There were the visages of Johnny Depp, Christian Slater and Daniel Day-Lewis; Kyle MacLachlan, when he was on “Twin Peaks”; Kurt Cobain and Eddie Vedder. Then there were the girl-crushes my friends had: Julia Roberts, Christy Turlington, and — of course — Winona Ryder. The locker across from mine in sophomore year featured a taped-up Seventeen cover with Winona — chin propped in hand, wearing a winsome expression. "THE GIRL WHO HAS IT ALL," blared the coverline. "FAME, FORTUNE AND JOHNNY."
My crushes — although equally intense — were a bit different. I'm reasonably certain that I was the only student who put up pictures of Anthony Perkins, Peter O’Toole and Russ Tamblyn. A black-and-white 8x10 publicity shot of Anthony Perkins graced my first high school locker.
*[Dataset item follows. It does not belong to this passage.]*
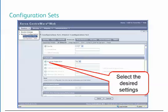New in Centerware Web 5.0, the Protocol tab has a significant number of new settings. This now includes IPv6 settings in addition to LDAP settings. There are also extensive new network scan settings, as well as security settings to allow IP filtering and IPsec.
Perkins, who died in 1992, was best known for playing the murderous Norman Bates in “Psycho” and its three sequels. Starting in junior high, I wrote him several fan letters, which he graciously responded to on classy gray stationery embossed with "ANTHONY PERKINS" and signed “Tony P.” In fact, my obsession with Tony P. led me to explore Alfred Hitchcock’s entire oeuvre and helped me to eventually become a true cinephile.
It didn't hurt that I worked at a video store on holidays and weekends, which meant I could watch anything I wanted for free. After I saw “Lawrence of Arabia” for the first time, I became deeply infatuated with Peter O’Toole — with his yellow hair, icy blue eyes and mellifluous British intonations. When he published his first memoir, my mom wrote me a note so that I could get out of school early and go to a midtown bookstore where he was doing a book signing. Mr. O’Toole looked me up and down, signed my book with a confident scrawl, and asked me, “Where are you from, Luisa?” in a way that set my teenage heart aflutter.
Then there was Russ Tamblyn. On the first day of senior year, I showed up wearing form-fitting khakis and white Converse sneakers, instantly capturing the attention of my classmates, who thought I was being fresh and original. Little did they know that I was merely aping the costume Russ Tamblyn wore in “West Side Story” as Riff, the leader of the Jets, despite the fact that I'm Puerto Rican and, technically, would have been on the opposing side.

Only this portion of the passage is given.